The NZTA has launched an in-depth review of compliance files to “toughen up” its enforcement regime.
Posted on 15 October, 2018
NZTA’s chief executive, Fergus Gammie  

An increase in suspensions and other legal action is expected to follow findings to date.

The agency engaged law firm Meredith Connell in late September to review 850 open-compliance files. The company is now leading the regulatory function in the NZTA, which regulates all vehicles on the roads and licenses workers in the transport sector. 

In response to the file review and issues identified by investigating recent heavy-vehicle certifier suspensions, the NZTA’s chief executive, Fergus Gammie, says major improvements are needed.

“For many years, the NZTA has operated a high trust, devolved regulatory regime, working with a network of qualified professionals to carry out services and focusing on ongoing education to address issues.

“Our approach has not been sufficiently robust to categorically ensure the highest levels of regulatory compliance. The agency has been too reliant on self-regulation and hasn’t devoted enough attention or resource to ensuring compliance.
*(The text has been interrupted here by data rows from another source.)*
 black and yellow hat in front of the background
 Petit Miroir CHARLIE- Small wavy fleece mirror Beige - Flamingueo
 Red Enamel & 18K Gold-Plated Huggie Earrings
We want to be up front with the public. We know we have to do better and accept our responsibility to fix it.”

While this review is ongoing, it has already identified a range of non-compliance across the regulatory areas overseen by the NZTA. Of the 850 open compliance files, 152 have been prioritised around risk to safety. The review of these files, further investigations and actions are expected to be complete by early November. Work will continue on the remaining files.
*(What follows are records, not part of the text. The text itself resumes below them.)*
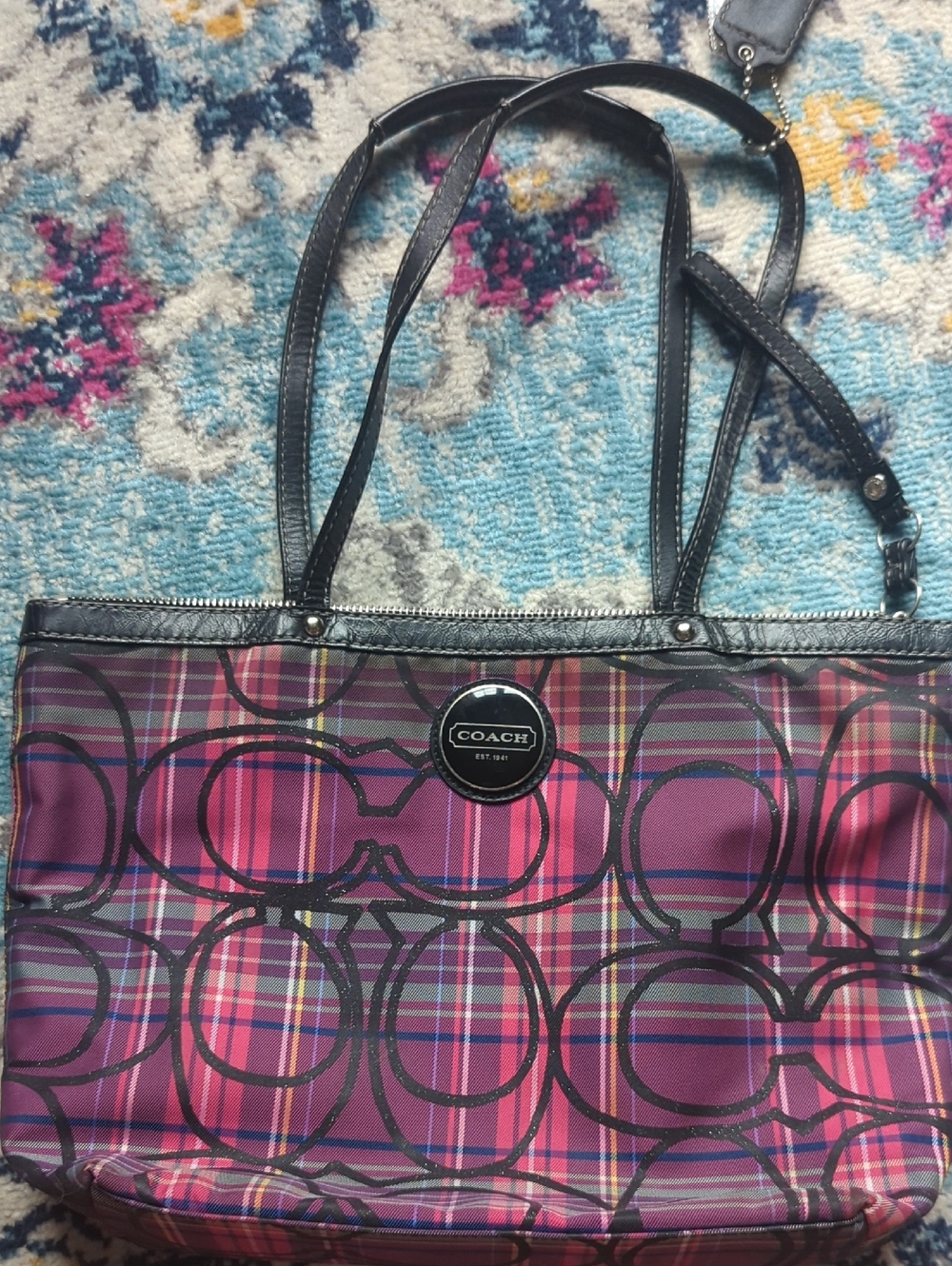 Coach Pink Plaid Signature Tote with Black Trim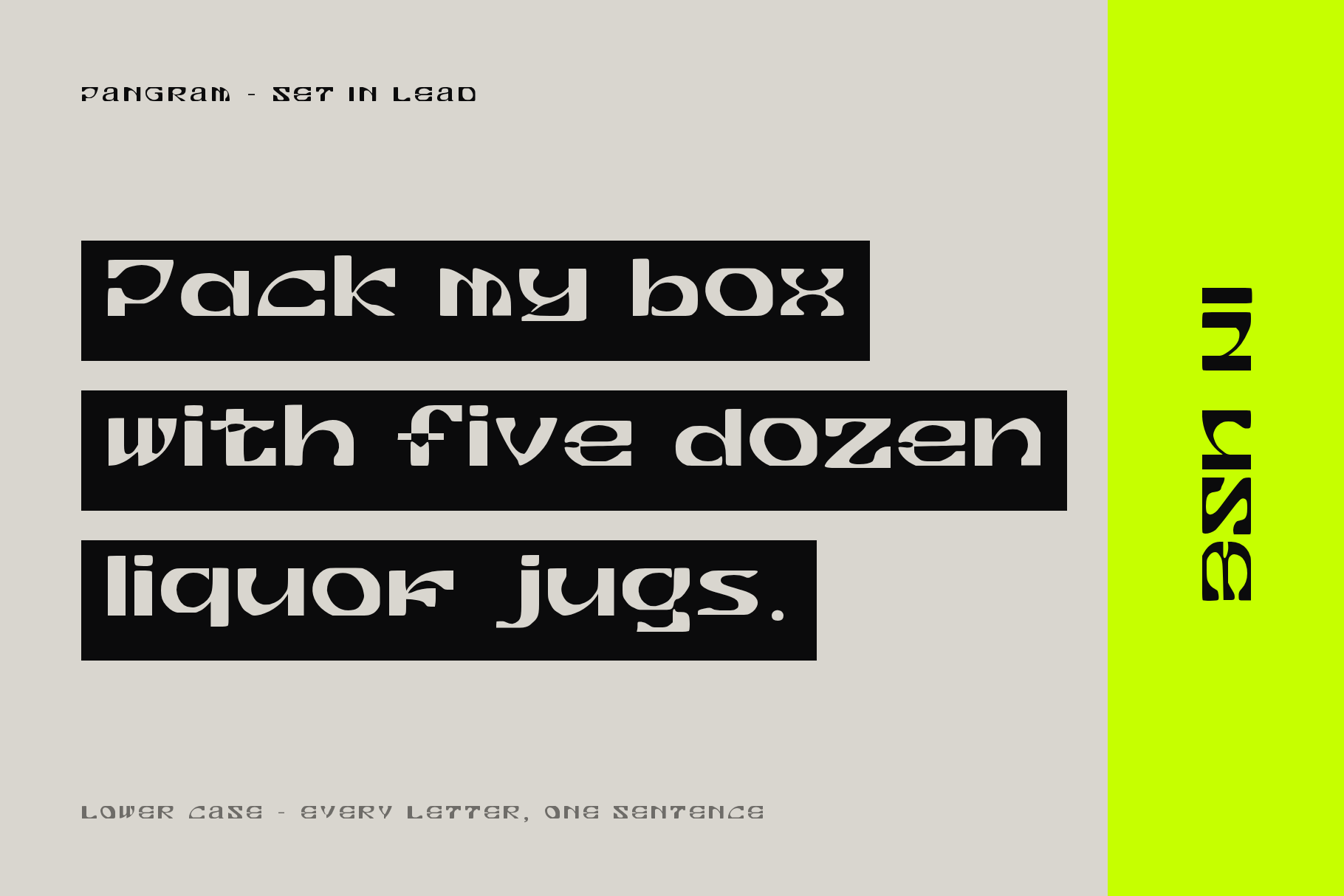 Lead Press pangram Pack my box with five dozen liquor jugs set in white on three black strips beside a lime bar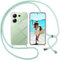 ISOI Funda con Cuerda para Xiaomi Redmi Note 13 4G, Carcasa Transparente TPU Suave Silicona Case con Correa Colgante Ajustable Collar Correa de Cuello Cadena Cordón, Verde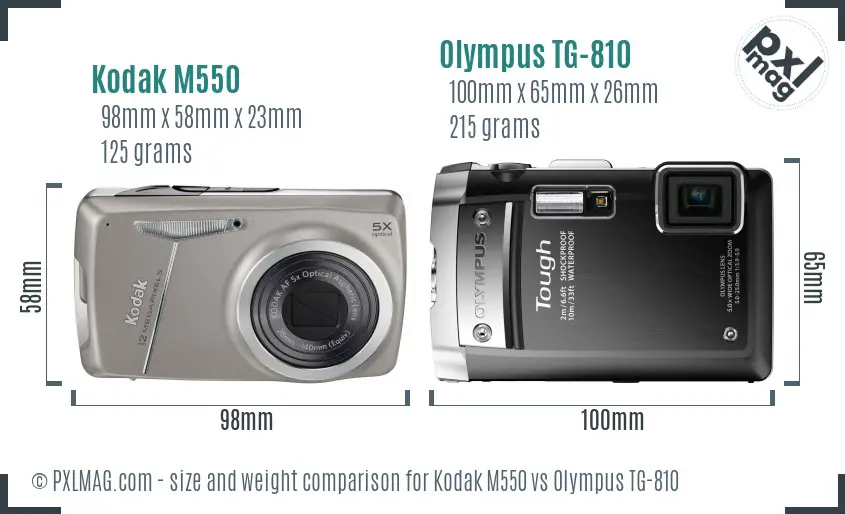 Kodak M550 vs Olympus TG-810 size comparison Kodak M550 vs Olympus TG-810 size comparison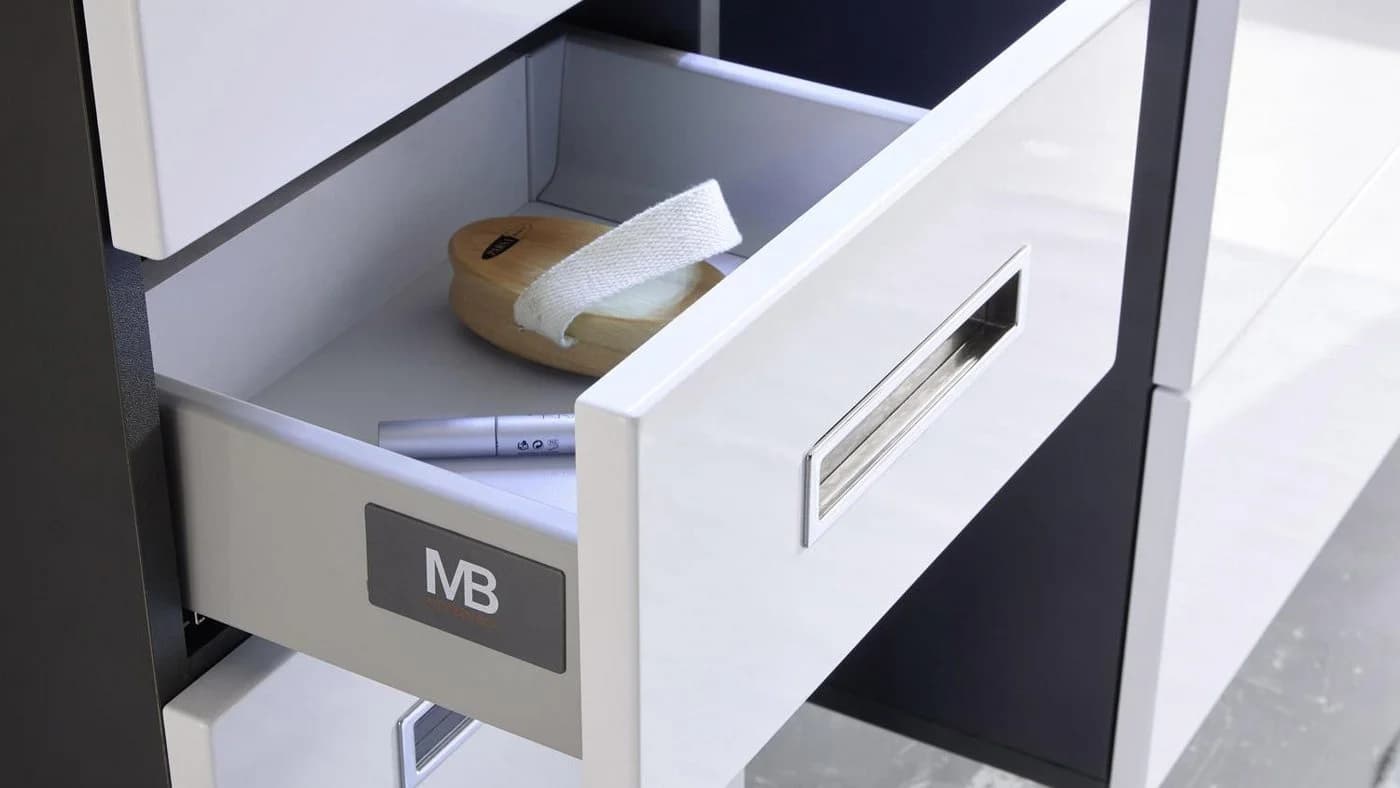 BEGA BBK Hochschrank Melissa Grau Weiß Hochglanz Badezimmer Hängeschrank - Bild 4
Gammie, pictured, says: “We have taken an exceptionally firm and prudent approach, deliberately casting a wide net to review files from all of the regulatory areas for which NZTA is responsible encompassing issues from very minor to very serious. I assure the public this review is thorough and far-reaching.

“The public can expect full accountability and an increased number of enforcement actions taken to ensure compliance. The agency has now instigated a risk-based approach to addressing any non-compliance where public safety could be at risk, giving priority to the most urgent cases. Where suspension is necessary to ensure public safety, the agency will take action.

“Increased enforcement actions will be immediately visible as final decisions are made on each file regarding the appropriate corrective action required.”

The NZTA is now hiring additional compliance inspectors to cover heavy-vehicle certifiers, and warrant of fitness certificate of fitness certifications. Certifiers and licence holders will be required to quickly address issues identified or face action. On top of this, the agency is proposing to establish a newly focused regulatory division, with increased resourcing and capability.

It has recently appointed two additional heavy-vehicle engineers and two more auditors with a third being recruited. Recruitment is also under way for 17 more WOF and COF inspectors.

“We are calling on regulatory partners and those sectors which we regulate – such as the heavy-vehicle industry and transport operators – to continue to work alongside the NZTA and to accept their own roles in ensuring regulatory compliance,” adds Gammie.

To ensure the review of compliance is as thorough as possible, the NZTA is establishing an anonymous and independently monitored whistle-blower phone line. It will provide further updates as the review continues.